| Exercise objective |
Which lines run from the one containing "بيتك مش بس حيطان" through the end of the data? Write them out exactly, with the pictures left out.

-- Input follows --

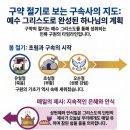 거룩한 달력_구원의 청사진 이미지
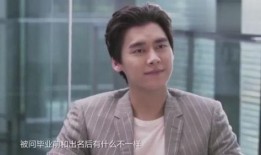 李易峰爆料内容视频播放,娱乐圈幕后真相大曝光
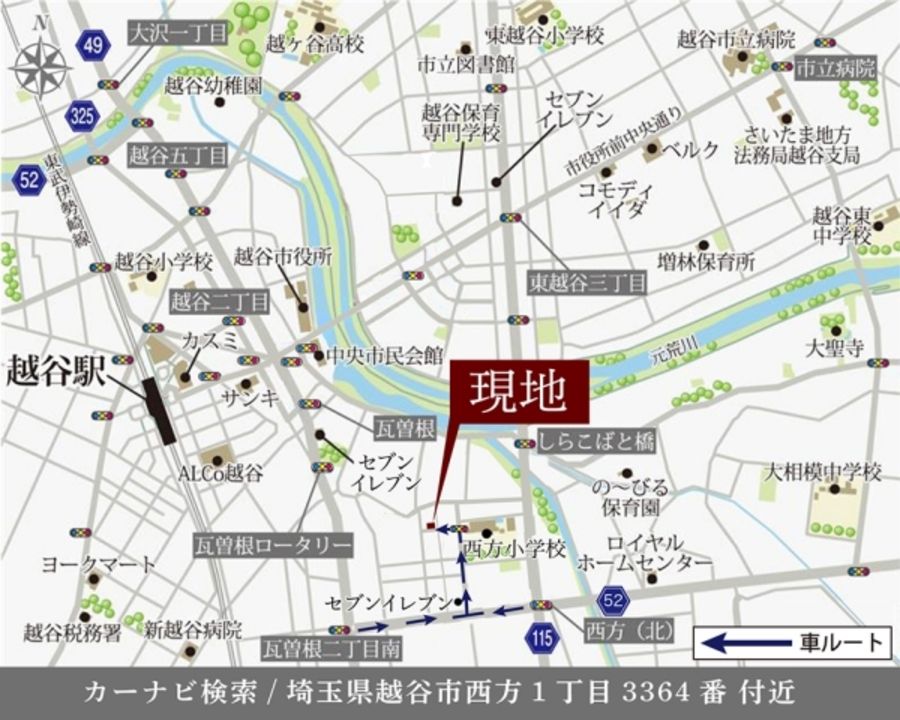 セキュレア越谷西方1丁目II (分譲住宅)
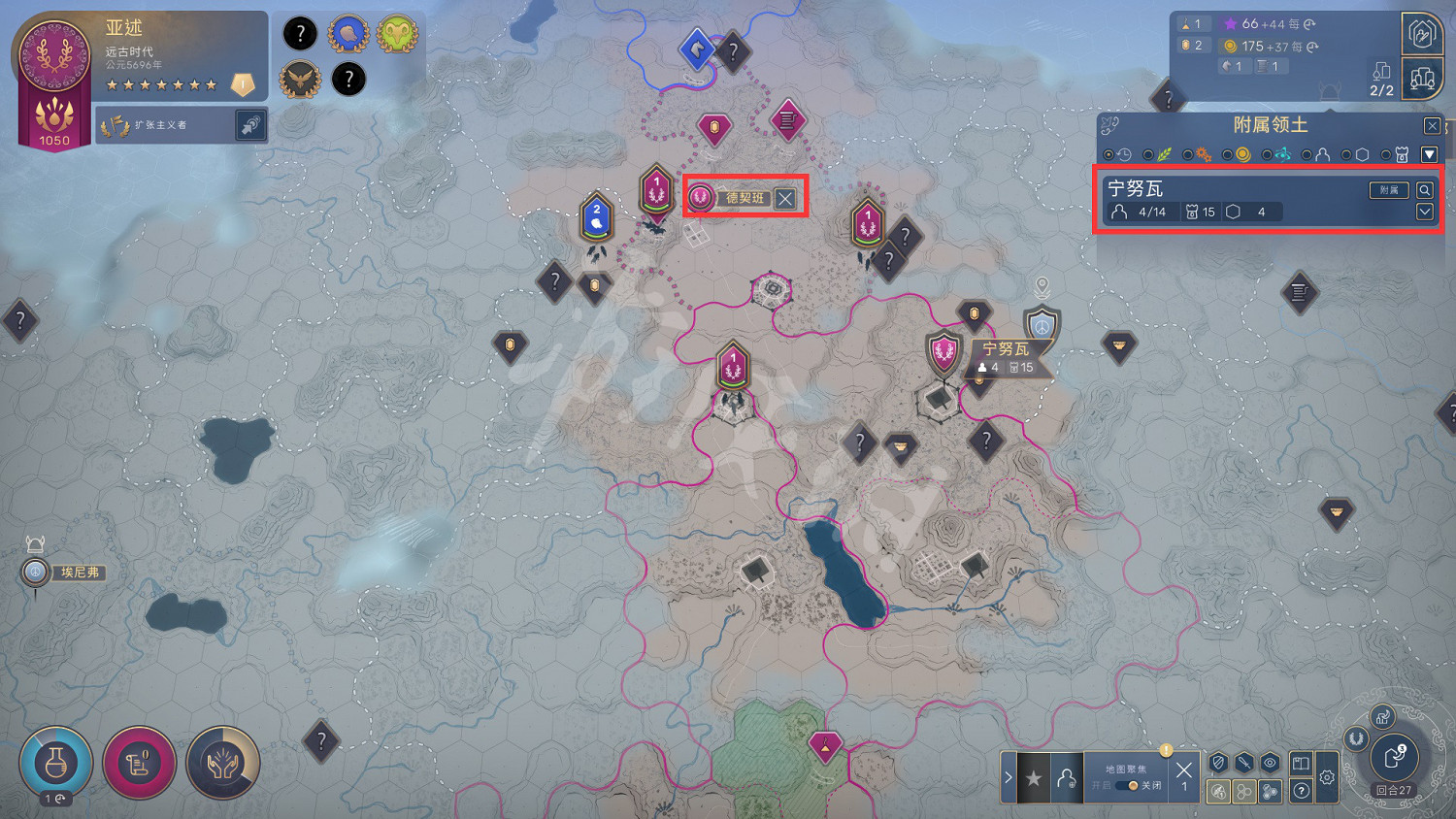 《人類》怎麽進入遠古時代？遊牧遠古時代發展技巧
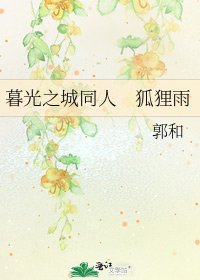 《暮光之城同人 狐狸雨》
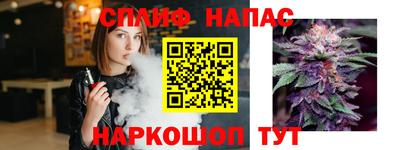 соль курить ск Кингисепп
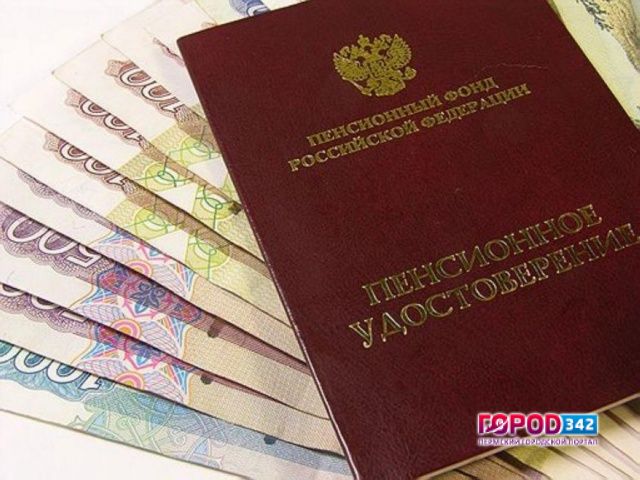 Реальный размер пенсий у россиян в июле снизился на 4,1%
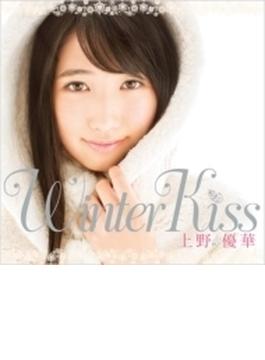 Winter Kiss (+DVD)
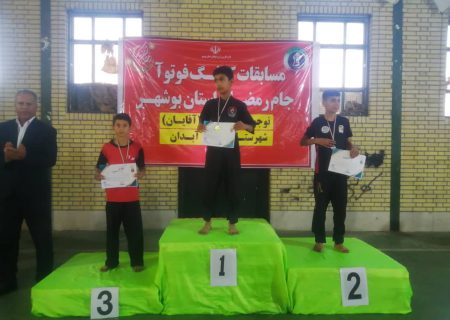 دوازدهمین دوره از مسابقات انجمن کونگ فو توآ استان بوشهر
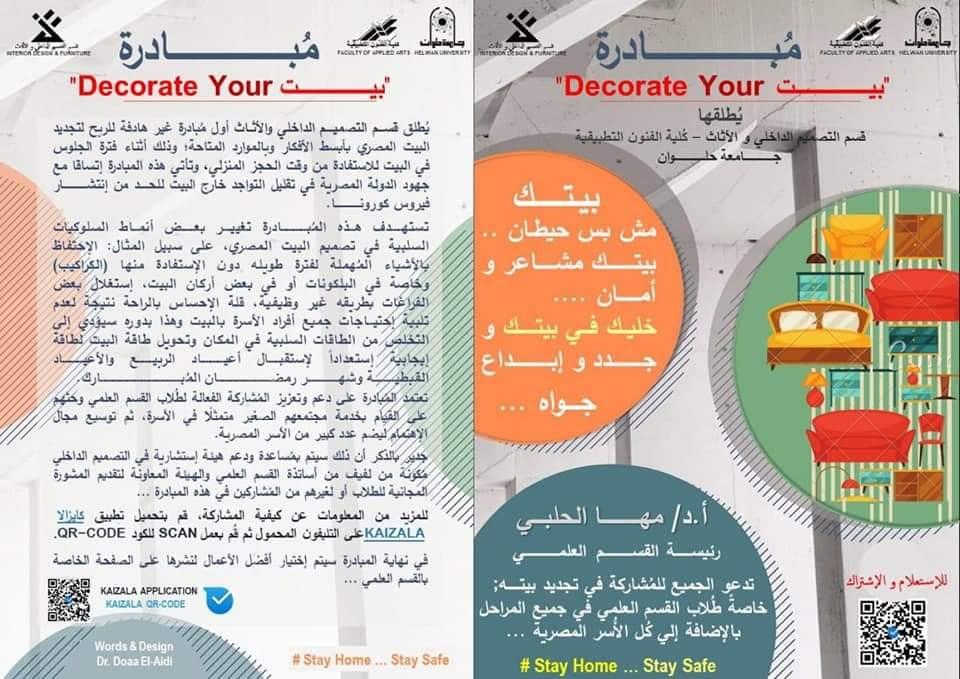 بيتك مش بس حيطان بيتك مشاعر وأمان مبادرة جديدة بكلية الفنون التطبيقية بجامعة حلوان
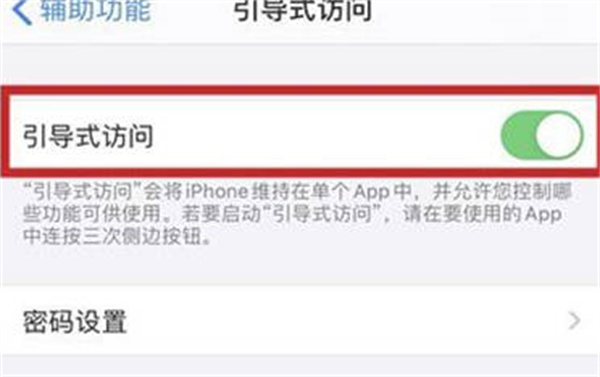 iphone引导式访问怎么设置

-- Input concluded --

| Finished task |
 بيتك مش بس حيطان بيتك مشاعر وأمان مبادرة جديدة بكلية الفنون التطبيقية بجامعة حلوان
 iphone引导式访问怎么设置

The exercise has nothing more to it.